Connectors Overview¶

Bani ships with 5 built-in connectors, each implementing both source (read) and sink (write) interfaces. Connectors are discovered via Python entry points and can be extended by third-party packages.

Connector Comparison¶

Connector	Supported Versions	Python Driver	Source	Sink	Key Performance Feature
PostgreSQL	9.6 -- 17	psycopg 3.x	Yes	Yes	COPY binary protocol for writes
MySQL	5.5 -- 8.4	PyMySQL	Yes	Yes	LOAD DATA LOCAL INFILE with executemany fallback
SQL Server	2019 -- 2022	pyodbc (preferred) / pymssql (fallback)	Yes	Yes	fast_executemany via ODBC array binding
Oracle	11g -- 23c	python-oracledb	Yes	Yes	batcherrors for partial-batch writes
SQLite	3.x	sqlite3 (stdlib)	Yes	Yes	WAL journal mode, 64MB page cache

Architecture¶

All connectors implement two abstract base classes from bani.connectors.base:

SourceConnector -- connect(), disconnect(), introspect_schema(), read_table(), estimate_row_count()
SinkConnector -- connect(), disconnect(), create_table(), write_batch(), create_indexes(), create_foreign_keys(), execute_sql()

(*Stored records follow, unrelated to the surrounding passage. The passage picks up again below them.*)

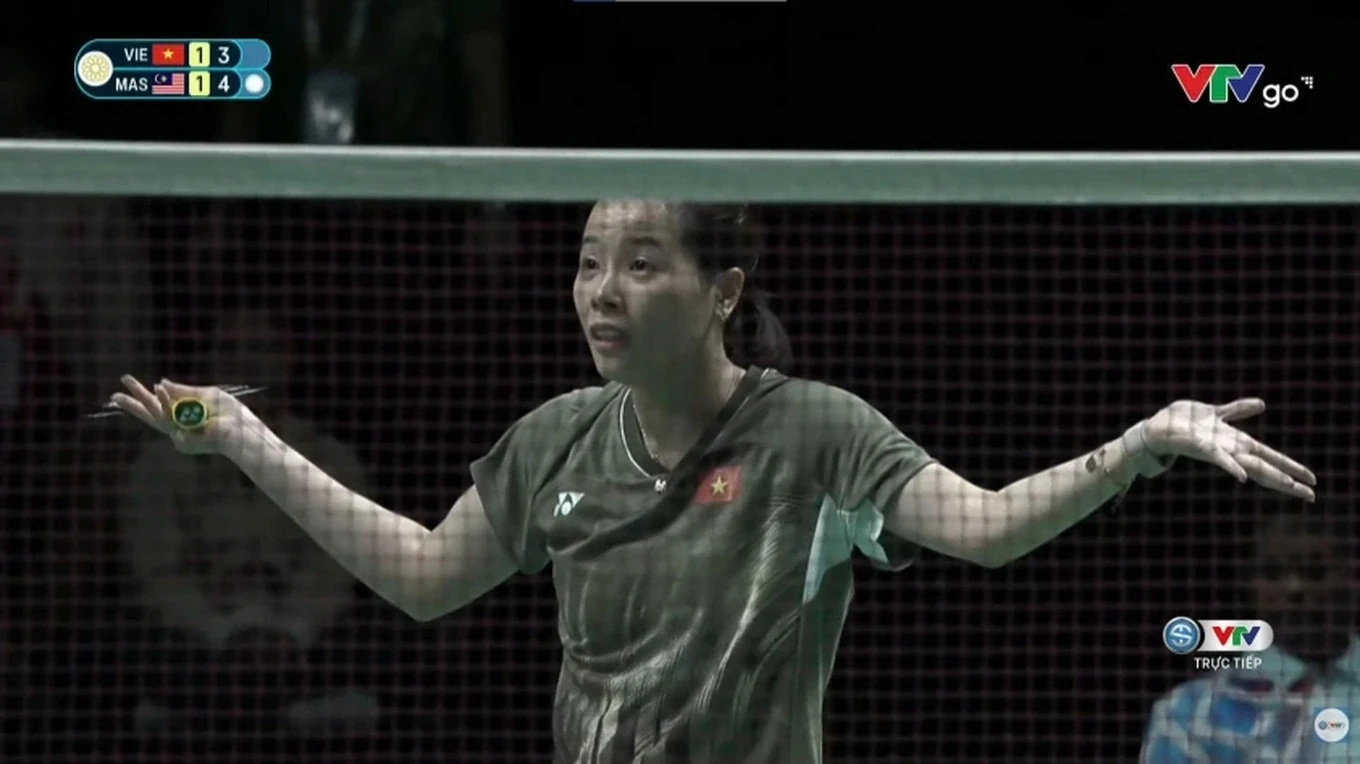 U22 Việt Nam chịu áp lực “buộc phải thắng” Malaysia; Real Madrid nhận 2 thẻ đỏ và bị Barca bỏ xa 4 điểm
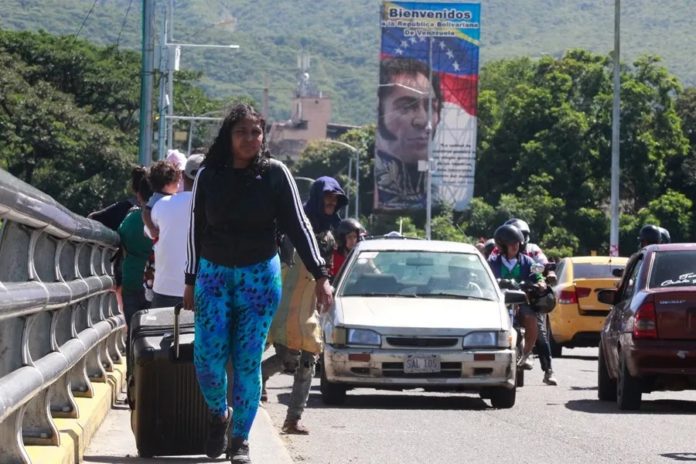 Venezuela cerró frontera con Colombia Venezuela cerró frontera con Colombia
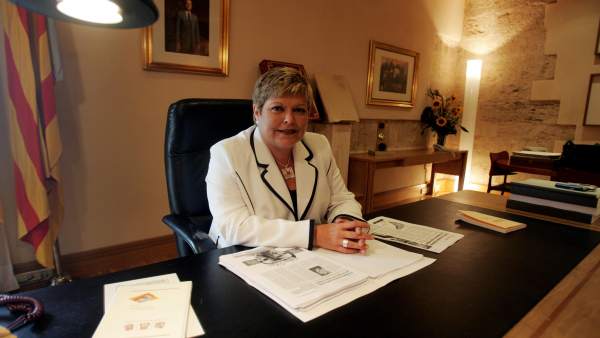 L'exconsellera Martínez i la resta de condemnats, a presó el 24 de maig L'exconsellera Martínez i la resta de condemnats, a presó el 24 de maig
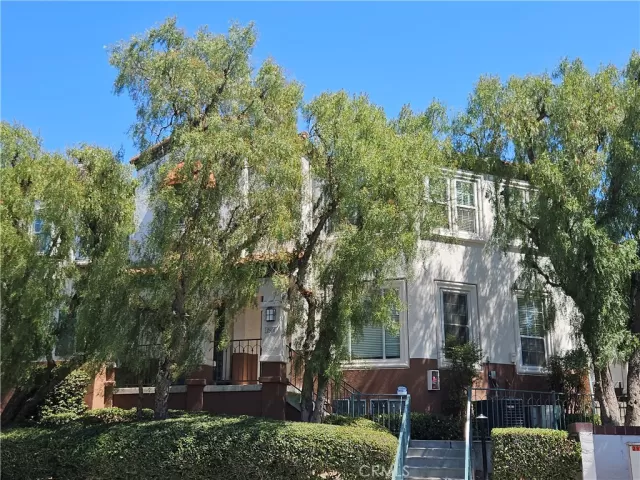 MLS: PW25182987 Condo For Sale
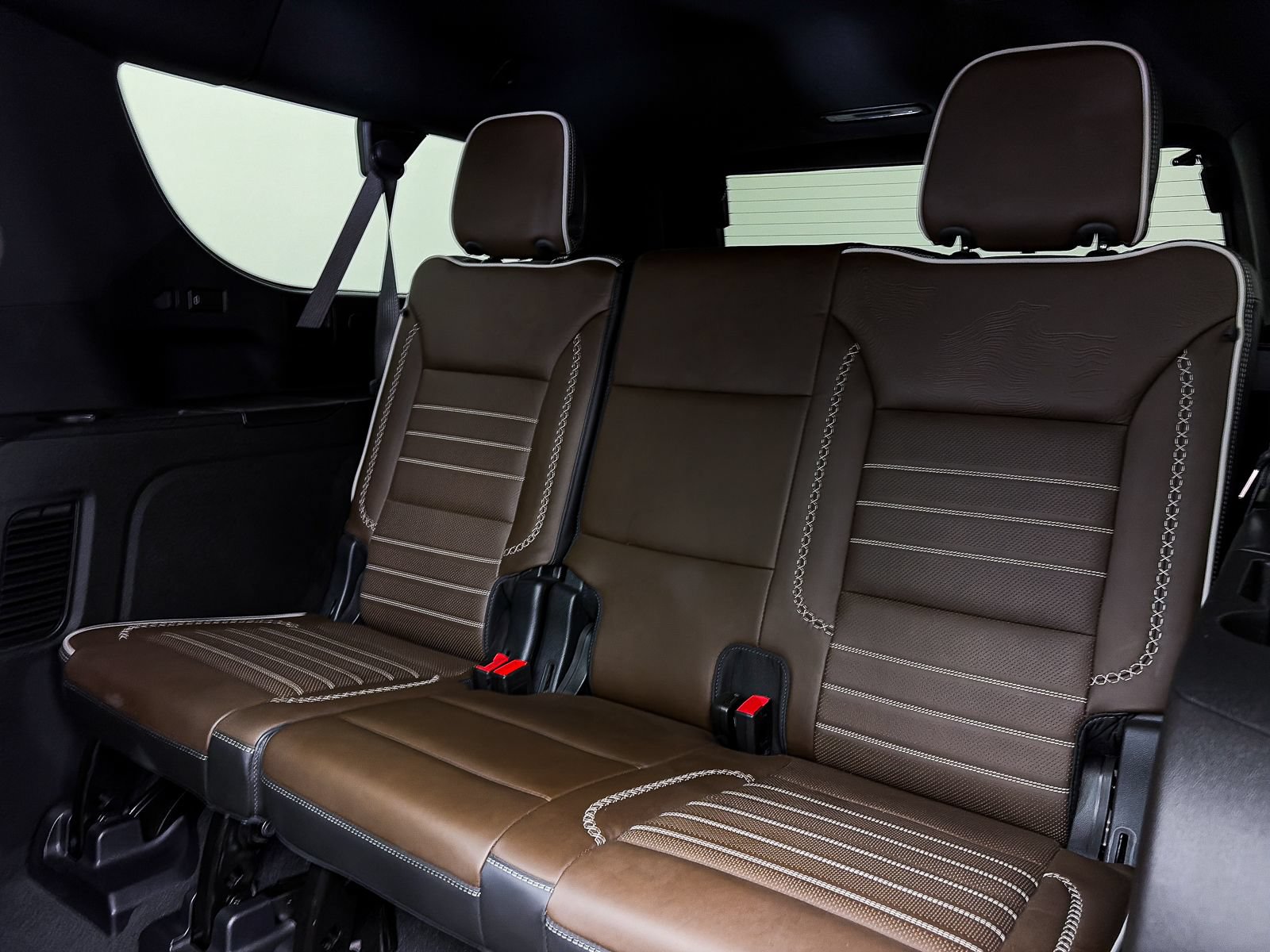 Used 2025 GMC Yukon XL Denali Ultimate AWD/4WD image 44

Every connector implements both interfaces (source + sink).

Arrow Interchange¶

Data flows as pyarrow.RecordBatch between source and sink connectors. This is a core architectural invariant:

Source DB  --[read_table()]--> RecordBatch --[write_batch()]--> Target DB

No intermediate Pandas DataFrames, dict-of-lists, or ORM objects are used.

Type Mapping¶

Each connector has a type mapper with two directions:

Source side: Maps native DB types to Arrow types during introspect_schema().
Sink side: from_arrow_type() maps Arrow type strings back to native DDL types during create_table().

This gives N mappers (one per connector) instead of N*N cross-database translation tables. See Type Mappings for the complete mapping tables.

Connector Discovery¶

Connectors are registered via Python entry points in pyproject.toml:

[project.entry-points."bani.connectors"]
mysql = "bani.connectors.mysql:MySQLConnector"
postgresql = "bani.connectors.postgresql:PostgreSQLConnector"
mssql = "bani.connectors.mssql:MSSQLConnector"
oracle = "bani.connectors.oracle:OracleConnector"
sqlite = "bani.connectors.sqlite:SQLiteConnector"

The ConnectorRegistry discovers all registered connectors at runtime. The orchestrator never references a concrete connector class directly.

Connection Pooling¶

All connectors use a ConnectionPool that creates multiple connections for parallel table transfers. The pool size is controlled by the parallel_workers project option.

Common Connection Config¶

All connectors accept credentials via environment variable references:

<source connector="postgresql">
  <connection host="localhost"
              port="5432"
              database="mydb"
              username="${env:PG_USER}"
              password="${env:PG_PASS}" />
</source>

The ${env:VAR_NAME} syntax is resolved at runtime by each connector's _resolve_env_var() method.